• [Supplied material]

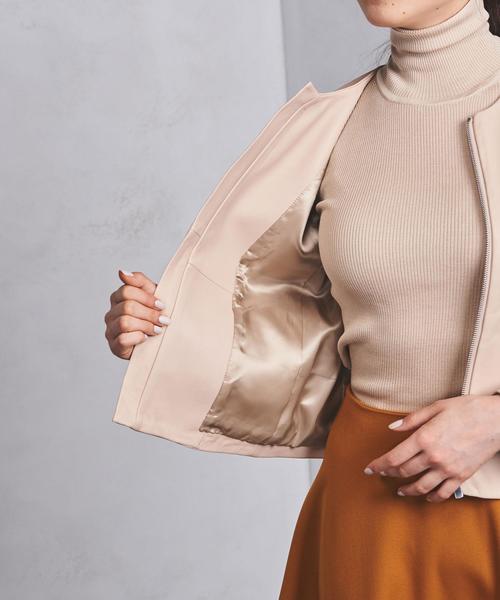 UNITED ARROWS（ユナイテッドアローズ）の「UBCB シープ レザージャケット（ブルゾン・レディース・ベージュ/ブラック・40/38/36）」の8枚目の写真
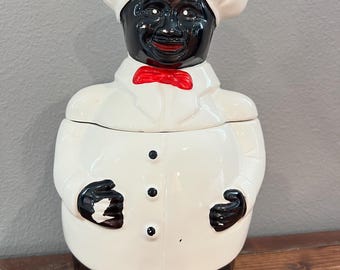 Unique Vintage Black Chef Cookie Jar from the 1940s or 1950s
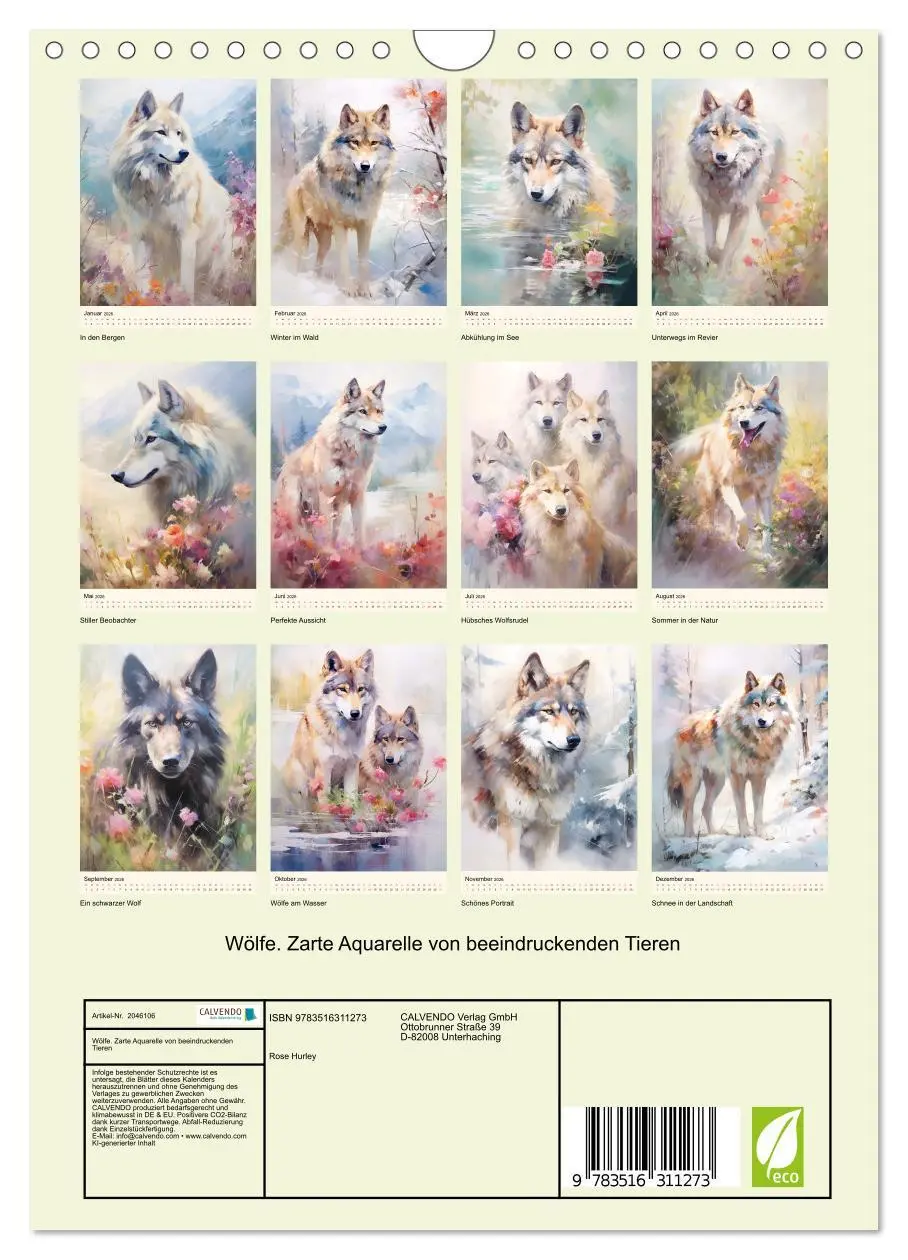 Bild: 9783516311273 | Wölfe. Zarte Aquarelle von beeindruckenden Tieren (Wandkalender...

• [What to work on] Every line above gets copied exactly; none of the pictures do.

• [Exercise output]
 UNITED ARROWS（ユナイテッドアローズ）の「UBCB シープ レザージャケット（ブルゾン・レディース・ベージュ/ブラック・40/38/36）」の8枚目の写真
 Unique Vintage Black Chef Cookie Jar from the 1940s or 1950s
 Bild: 9783516311273 | Wölfe. Zarte Aquarelle von beeindruckenden Tieren (Wandkalender...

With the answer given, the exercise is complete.